Underground construction technology is becoming more capable and dynamic than ever before, thanks to the advanced capabilities of building information modelling (BIM).

While working around buried structures and components is challenging by nature, BIM offers opportunities for making it much safer, more efficient and comprehensible.


1. Contextualizing Underground Structures

The most obvious benefit of implementing BIM construction technology is the ability to integrate underground structures into the big picture context of their surroundings. BIM is already a go-to tool for visualizing and designing above-ground buildings, but bringing below-surface items into that imagery gives a clear representation of the project, from top-to-bottom.

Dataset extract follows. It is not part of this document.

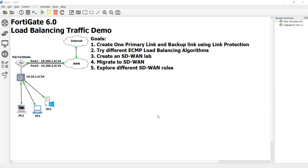Hey everyone, welcome to another video. My name is Devin Adams. I'm a Fortinet trainer over here in Tempe, Arizona for Dynamic Worldwide, and I'm doing a video series on load balancing our WAN traffic.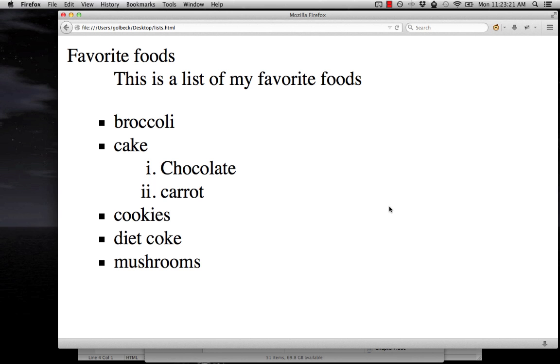Before we move on to do any more HTML coding, it's time that we have a discussion about URLs.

Underground components need to integrate with and adapt to the requirements of the primary structure above them. Including them in the project’s BIM will ensure everything is accounted for in the design. After all, some of the building’s most important elements, such as water lines, are buried.


2. Less Invasive Construction

Traditional trench excavations can be a highly destructive process that is disruptive to the local community and even the surrounding environment. Trenchless excavation methods, such as microtunneling, are far less invasive. These processes are much easier to put into action with the aid of BIM.

Above-ground tools can be utilized to gather data on buried structures or earthworks. That information can be used to create a detailed digital model where things like pipes and tunnels can be carefully mapped out. This advance planning enables a swift and inconspicuous excavation process.

Additionally, thanks to the accessibility of the whole-building context with BIM, any necessary changes or updates to buried structures can be just as easily mapped out before any further excavation takes place.


3. Improved Safety

One of the top benefits of BIM in the construction process is its functionality for conducting risk analysis. Risk analysis becomes a significantly more thorough, reliable process when engineers and risk managers can assess the entire building with advanced features like heat distribution and layered imagery. This has a direct impact on overall project safety. For example, a risk manager might use BIM to automatically identify all locations on the structure that present a significant fall hazard to construction contractors.

Unique risks for buried structures can be identified, as well. Underground construction technologies for imaging, like LiDAR or GPR, are particularly helpful for this process, along with GIS. This has already proven extremely useful for reducing risk with components like waterline systems.

The data from LiDAR, GPR, and GIS acts as eyes and ears below-ground, limiting the need for human team members to risk venturing into potentially unstable tunnel systems. Ground-penetrating imagery fills in the information gap and enables safety and risk analysis through BIM to be a whole-building assessment.


4. More Sustainable Construction

The last few years have seen a surge in demand for more sustainable construction, particularly from consumers, who influence the decisions of stakeholders and project owners.  Building has a significant impact on the environment, from how materials are sourced to energy consumption on project sites. BIM provides an opportunity to meet those calls for sustainability in underground construction.

As mentioned above, traditional trench excavation is not particularly beneficial for the land surrounding it due to its destructive nature. BIM can refine and optimize trenchless operations, enabling significantly more environmentally friendly underground construction.


5. Optimized Collaboration

One benefit of BIM that many construction teams around the world are taking advantage of is its capability for dynamic collaboration. BIM brings together several kinds of documents that would otherwise be viewed separately, such as exterior design, HVAC system mapping and heat distribution analysis. Having all this info in one convenient digital format ensures that everyone working on the project is viewing the most accurate, up-to-date information.

Assessing design changes and adjusting for them is significantly easier with BIM than paper blueprints. It can be especially challenging in underground construction to notice when parts of the buried structure have been altered, but BIM makes that visualization convenient.


Dynamic Underground Construction Technology

BIM is becoming one of the most versatile and valuable tools in the building industry, and its potential can be amplified further by including underground construction integration. It’s come a long way over the years, but BIM represents a whole new level of connectivity, visualization and functionality.